Records from a data collection:
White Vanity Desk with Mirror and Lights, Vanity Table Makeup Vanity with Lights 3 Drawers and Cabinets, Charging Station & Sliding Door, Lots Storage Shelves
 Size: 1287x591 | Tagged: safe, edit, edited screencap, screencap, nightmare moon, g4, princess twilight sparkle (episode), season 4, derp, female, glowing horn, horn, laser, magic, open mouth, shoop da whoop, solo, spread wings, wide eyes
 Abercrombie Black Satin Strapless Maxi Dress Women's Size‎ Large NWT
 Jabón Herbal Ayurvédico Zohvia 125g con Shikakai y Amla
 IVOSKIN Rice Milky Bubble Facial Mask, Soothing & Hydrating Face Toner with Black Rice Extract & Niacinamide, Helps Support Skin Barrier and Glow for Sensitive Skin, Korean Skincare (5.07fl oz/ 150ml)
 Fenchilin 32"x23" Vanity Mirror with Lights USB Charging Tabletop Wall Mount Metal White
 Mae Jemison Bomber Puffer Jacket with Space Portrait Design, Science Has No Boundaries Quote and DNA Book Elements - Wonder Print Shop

- TASK PROMPT: For this exercise, set down all of the entries again word for word.

- REPLY TO THE EXERCISE:
White Vanity Desk with Mirror and Lights, Vanity Table Makeup Vanity with Lights 3 Drawers and Cabinets, Charging Station & Sliding Door, Lots Storage Shelves
 Size: 1287x591 | Tagged: safe, edit, edited screencap, screencap, nightmare moon, g4, princess twilight sparkle (episode), season 4, derp, female, glowing horn, horn, laser, magic, open mouth, shoop da whoop, solo, spread wings, wide eyes
 Abercrombie Black Satin Strapless Maxi Dress Women's Size‎ Large NWT
 Jabón Herbal Ayurvédico Zohvia 125g con Shikakai y Amla
 IVOSKIN Rice Milky Bubble Facial Mask, Soothing & Hydrating Face Toner with Black Rice Extract & Niacinamide, Helps Support Skin Barrier and Glow for Sensitive Skin, Korean Skincare (5.07fl oz/ 150ml)
 Fenchilin 32"x23" Vanity Mirror with Lights USB Charging Tabletop Wall Mount Metal White
 Mae Jemison Bomber Puffer Jacket with Space Portrait Design, Science Has No Boundaries Quote and DNA Book Elements - Wonder Print Shop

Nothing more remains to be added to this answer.